**What to work on**
Exactly the lines below starting at the line with "a bathroom with a sink a mirror and shower" and ending at the line with "Gioioso bambino che" are wanted, with both ends included. Leave out the pictures and add no other lines.

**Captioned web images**
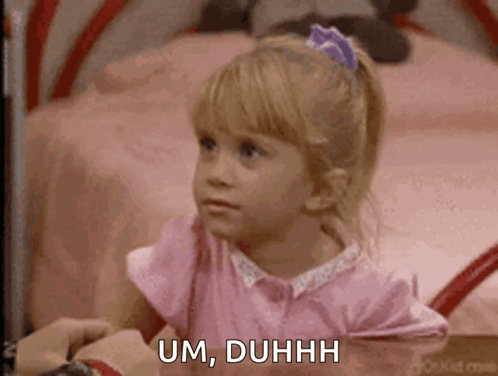 A Little Girl In A Pink Shirt Is Sitting On A Bed And Saying Um , Duhhh . GIF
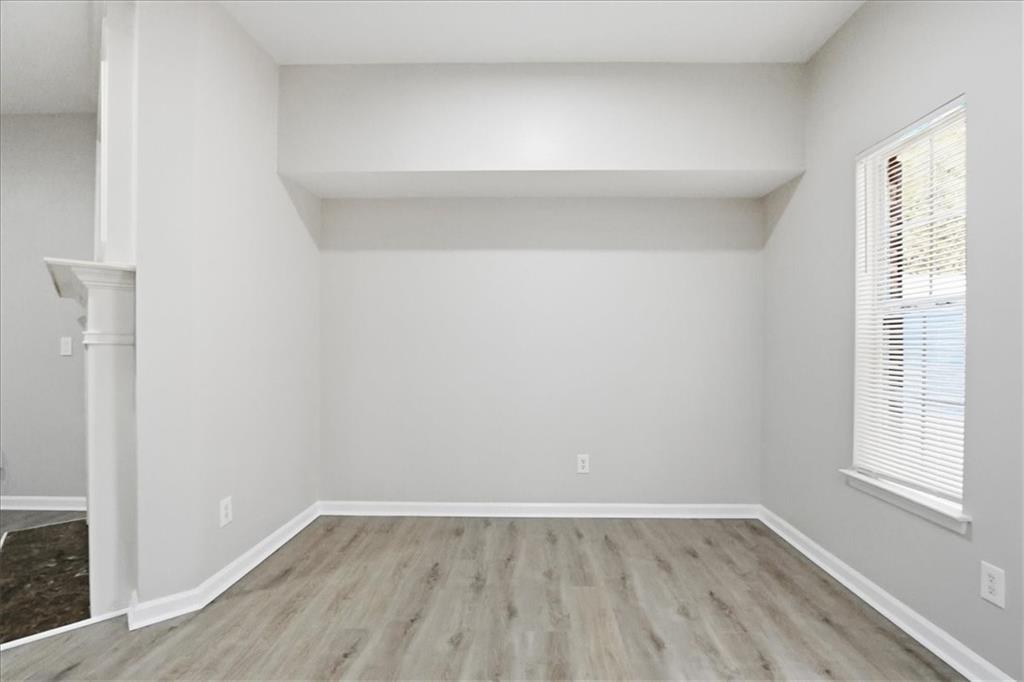 5630 Lawley Road Alpharetta, GA 30022 - Photo 16 of 65 a view of an empty room with wooden floor and a window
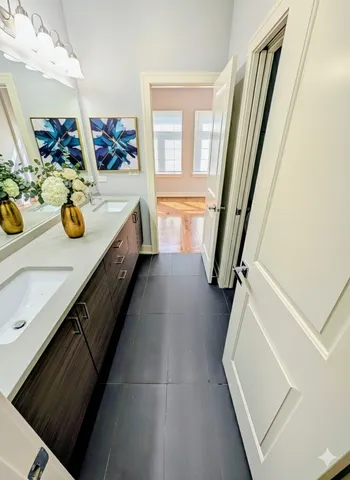 a bathroom with a sink a mirror and shower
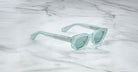The Jacques Marie Mage Whiskeyclone sunglasses, in light blue translucent with thick frames and matching tinted lenses, are displayed on a white marble surface with gray veining.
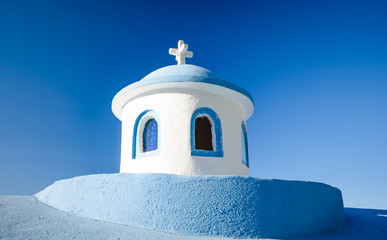 Typical blue tower of the small Greek church, the Greek island o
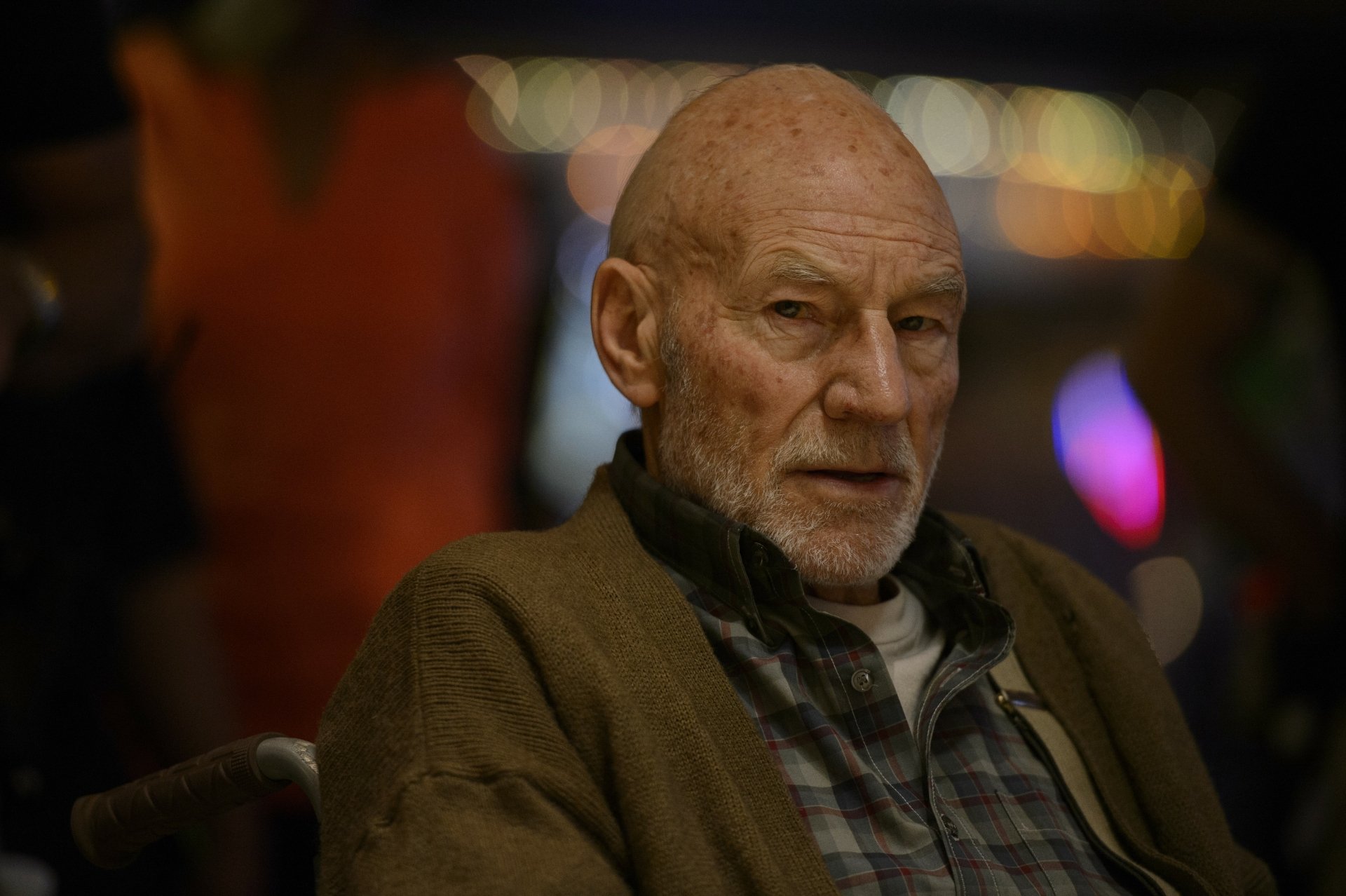 HD desktop wallpaper featuring Patrick Stewart as Professor X from the movie Logan.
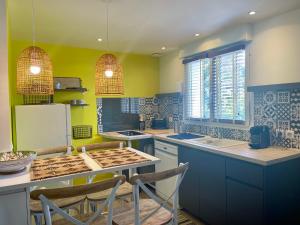 a kitchen with blue and green walls and a counter top at LES TERRASSES DE VALERIAN in Brignoles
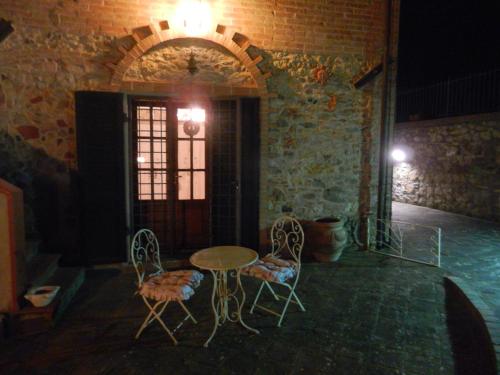 a table and chairs in a room with a brick wall at PietraMilia in Terricciola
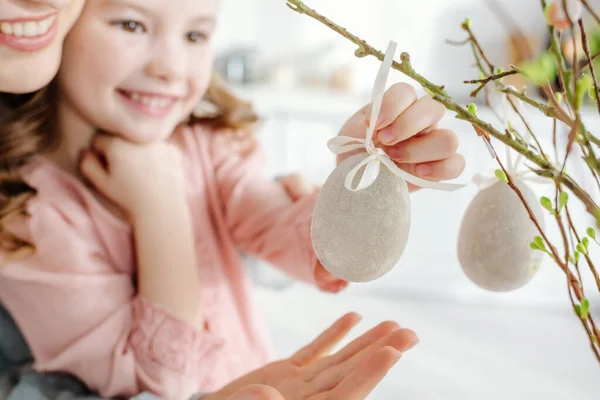 Селективное внимание счастливого ребенка, касающегося декоративного пасхального яйца на ветке ивы рядом с улыбающейся матерью — стоковое фото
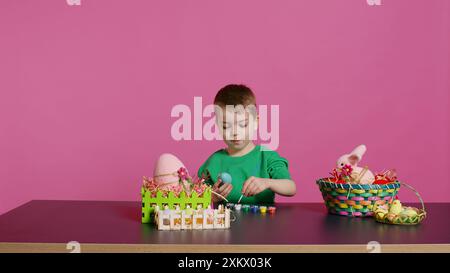 Gioioso bambino che dipinge uova per le festività natalizie di pasqua in studio, utilizzando acquerelli e forniture d'arte. Sorridente colorazione in età prescolare ornamenti festivi in preparazione per la domenica. Telecamera B.. Foto Stock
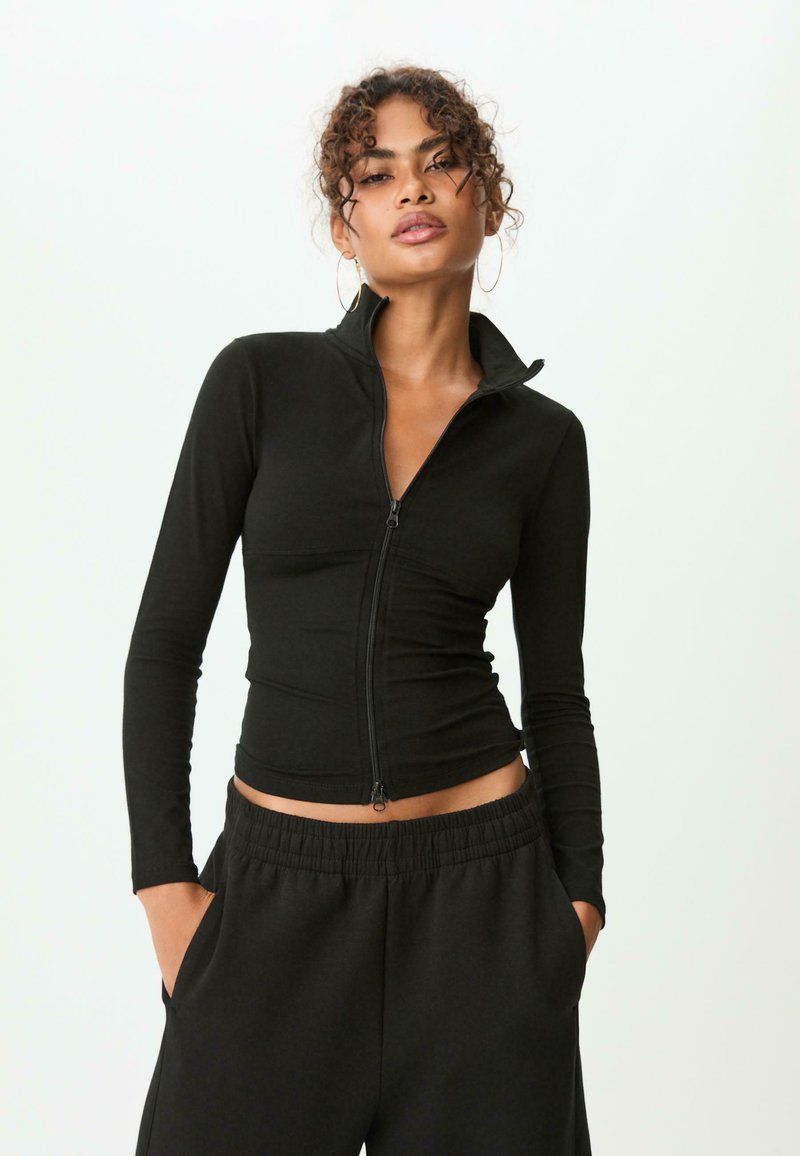 Femme aux cheveux bouclés portant un haut noir à fermeture éclair et un pantalon noir à taille élastique, les mains dans les poches, devant un fond clair et uni.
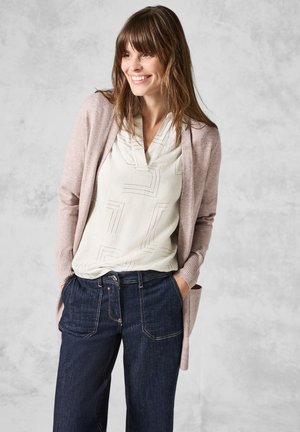 Light pink cardigan over a cream blouse with geometric patterns and dark denim wide-leg trousers. Smooth textures, casual fit.
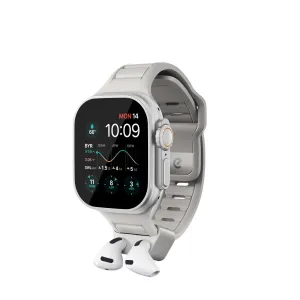 KeyBudz Sync+ grå Apple Watch-rem med integrerad AirPods-hållare, med två AirPods förvarade undertill.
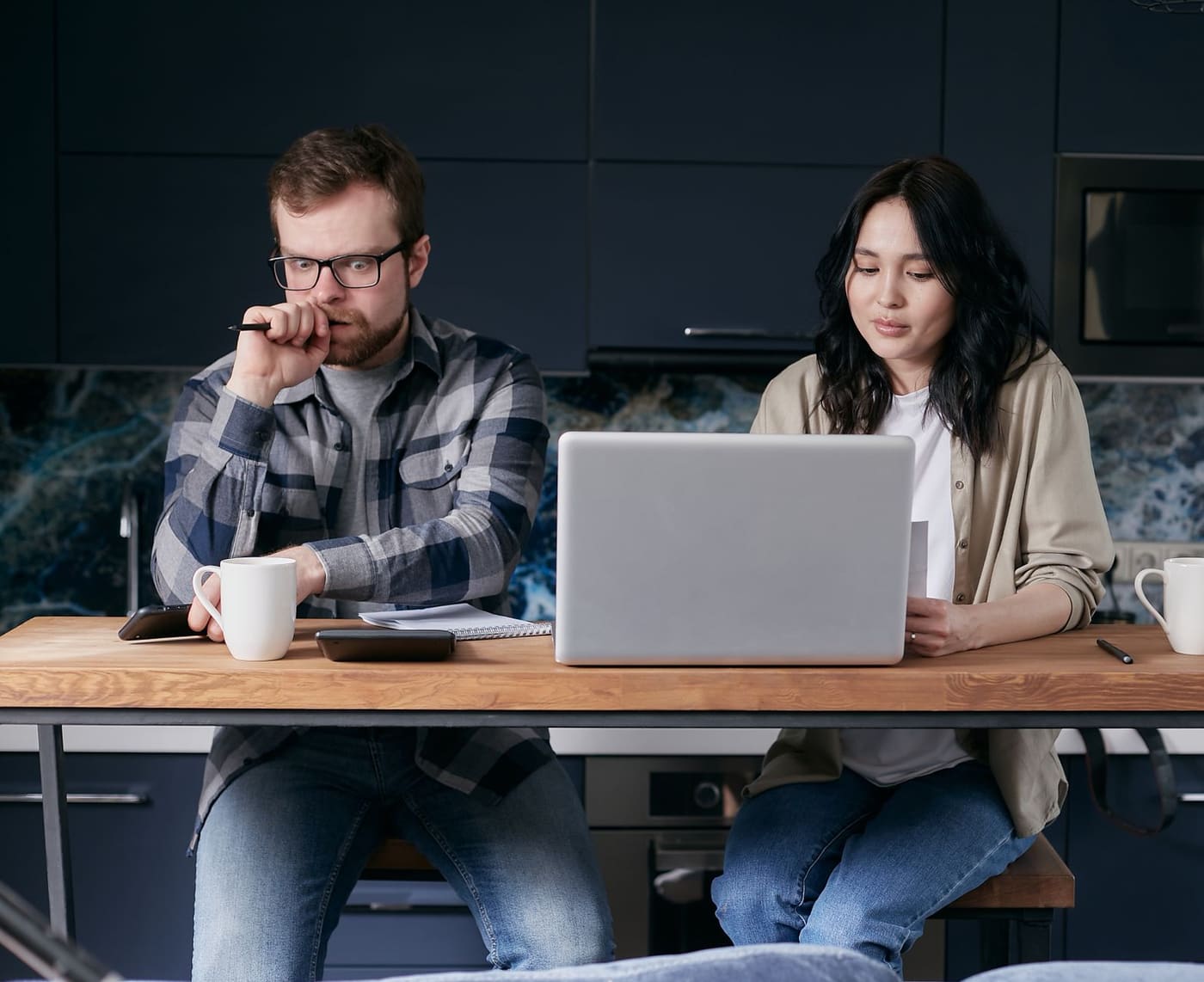 Two people sitting together at a kitchen table looking at a laptop
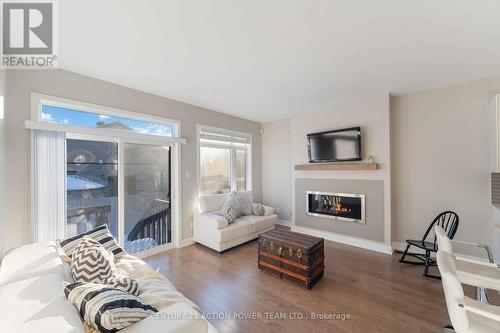 203 Joshua Street, Ottawa, ON - Indoor Photo Showing Living Room With Fireplace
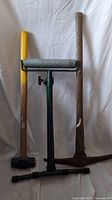 Full view of the sledgehammer, pickaxe, and manual construction roller standing upright on a white cloth background.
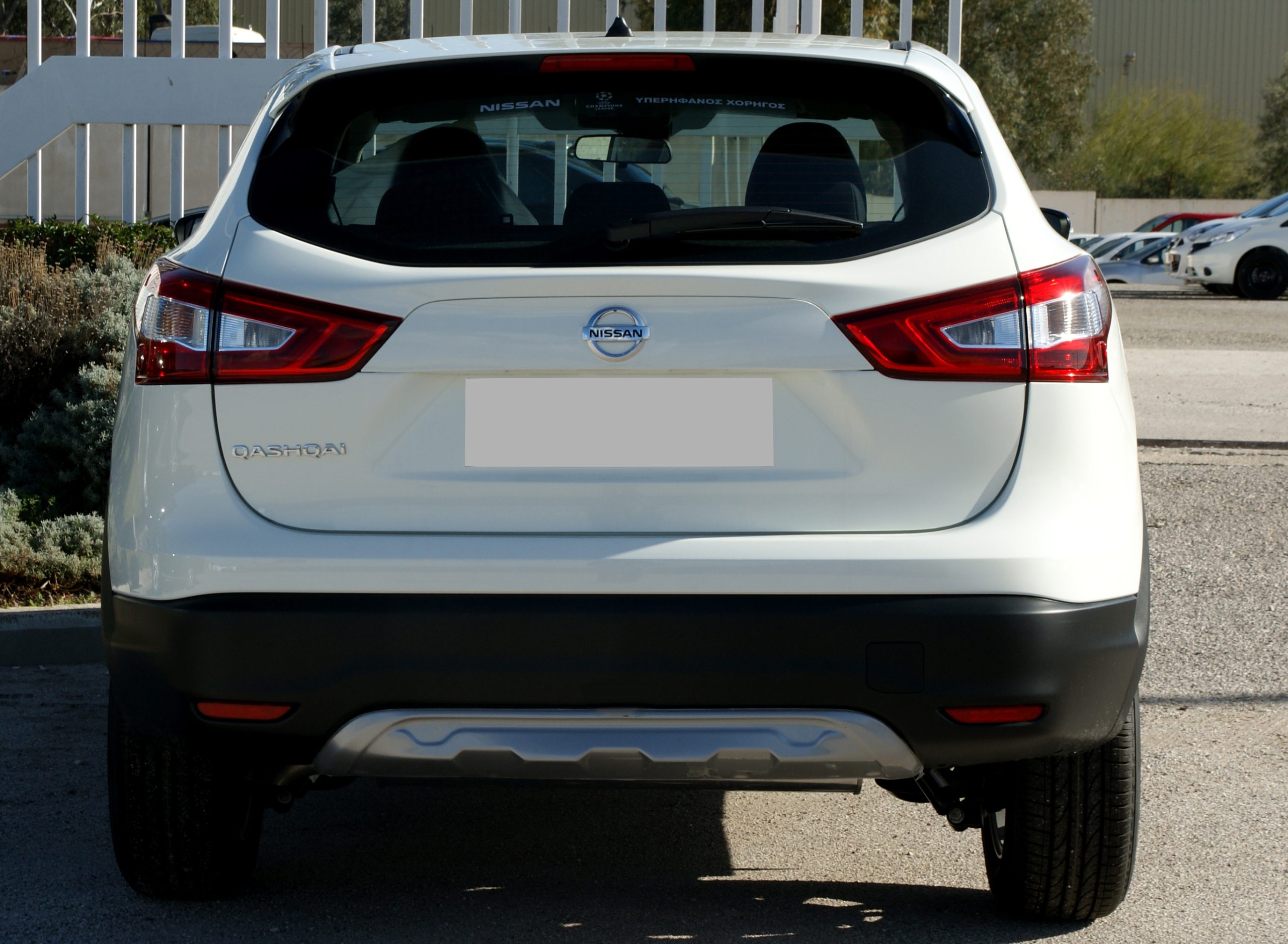 SONY DSC - OPSHOLDERS Rear view of a white Nissan Qashqai in a parking lot, showing red tail lights and the Nissan badge on the hatch.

**Task response**
 a bathroom with a sink a mirror and shower
The Jacques Marie Mage Whiskeyclone sunglasses, in light blue translucent with thick frames and matching tinted lenses, are displayed on a white marble surface with gray veining.
 Typical blue tower of the small Greek church, the Greek island o
 HD desktop wallpaper featuring Patrick Stewart as Professor X from the movie Logan.
 a kitchen with blue and green walls and a counter top at LES TERRASSES DE VALERIAN in Brignoles
 a table and chairs in a room with a brick wall at PietraMilia in Terricciola
 Селективное внимание счастливого ребенка, касающегося декоративного пасхального яйца на ветке ивы рядом с улыбающейся матерью — стоковое фото
 Gioioso bambino che dipinge uova per le festività natalizie di pasqua in studio, utilizzando acquerelli e forniture d'arte. Sorridente colorazione in età prescolare ornamenti festivi in preparazione per la domenica. Telecamera B.. Foto Stock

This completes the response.